La pregunta es: ¿Por qué esta doble falsedad se ha impuesto tan sólidamente en el discurso político venezolano? Tanto, que la posición de la Iglesia Católica o de la Compañía de Jesús, se resume diciendo: “El peligro actual de América Latina no es el comunismo sino el manejo inhumano del poder y del capitalismo con lo que se empuja a grandes sectores de la población desesperada a dar apoyo a dictaduras populistas y fascistas.”

Por las calles de Caracas se pasean numerosos autobuses con grandes inscripciones que rezan: “Unidad dañada por el fascismo y recuperada por la revolución”; con lo que ya es imposible saber qué será lo que el régimen y su alternativa democrática entienden por “fascismo”, pero seguro que no es algo descrito racionalmente en la historia de las ideas políticas sino una suerte de enemigo imaginario, tan maligno como omnipotente.
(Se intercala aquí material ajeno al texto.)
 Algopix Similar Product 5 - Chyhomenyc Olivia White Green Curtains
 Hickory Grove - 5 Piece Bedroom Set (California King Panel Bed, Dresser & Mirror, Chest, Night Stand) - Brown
¿Cómo es posible explicar que en Venezuela haya tantos antifascistas y en cambio no haya ni un solo fascista reconocido o reconocible? Jamás hubo en este país un partido o movimiento fascista, ni siquiera cuando era la ideología de moda en Europa.

En sentido estricto, el fascismo sólo existió en Italia entre 1919 y 1945, con algunas variantes de partidos y movimientos centro-europeos con esa inspiración, que indujeron a Mussolini a declarar solemnemente que “el fascismo no se exporta”. La verdad es que no sólo en Venezuela, en ninguna parte del mundo han existido experimentos fascistas después de la II Guerra Mundial.

El fascismo sólo existe en la propaganda comunista, bajo la forma negativa del mito antifascista, esa especie de compendio de todo lo malo que lo asemeja tanto al mito del diablo, Satanás o el mal absoluto, que es tan propio de las mentalidades supersticiosas.

Y no habría que perder ni un minuto con él sino fuera porque ilustres miembros de las Academias acusan a presos políticos de ser “fascistas”, sin sufrir la menor sanción moral o censura intelectual de sus colegas igualmente respetables académicos. Por su parte, los más acreditados comentaristas de la alternativa democrática, sus creadores de opinión acusan a Maduro de “fascista” con idéntica circunspección.

En una reciente Asamblea del Colegio de Periodistas vimos con perplejidad como los más encendidos oradores denunciaban las conductas fascistas del gobernador Ameliach en Carabobo. Vale preguntar: ¿Qué pasaría si en esa asamblea de periodistas se hubiera denunciado más bien la conducta comunistadel régimen? Si no la mitad, al menos alguna fracción de esa asamblea se habría levantado en señal de protesta.

Y aquí está el principio de la respuesta: la utilidad del fascismo es producir consenso, unanimidad. No es el que no haya fascistas lo que hace inexplicable el antifascismo universal, sino lo contrario: es precisamente porque no hay fascistas que el antifascismo resulta tan exitoso, porque nadie se le opone.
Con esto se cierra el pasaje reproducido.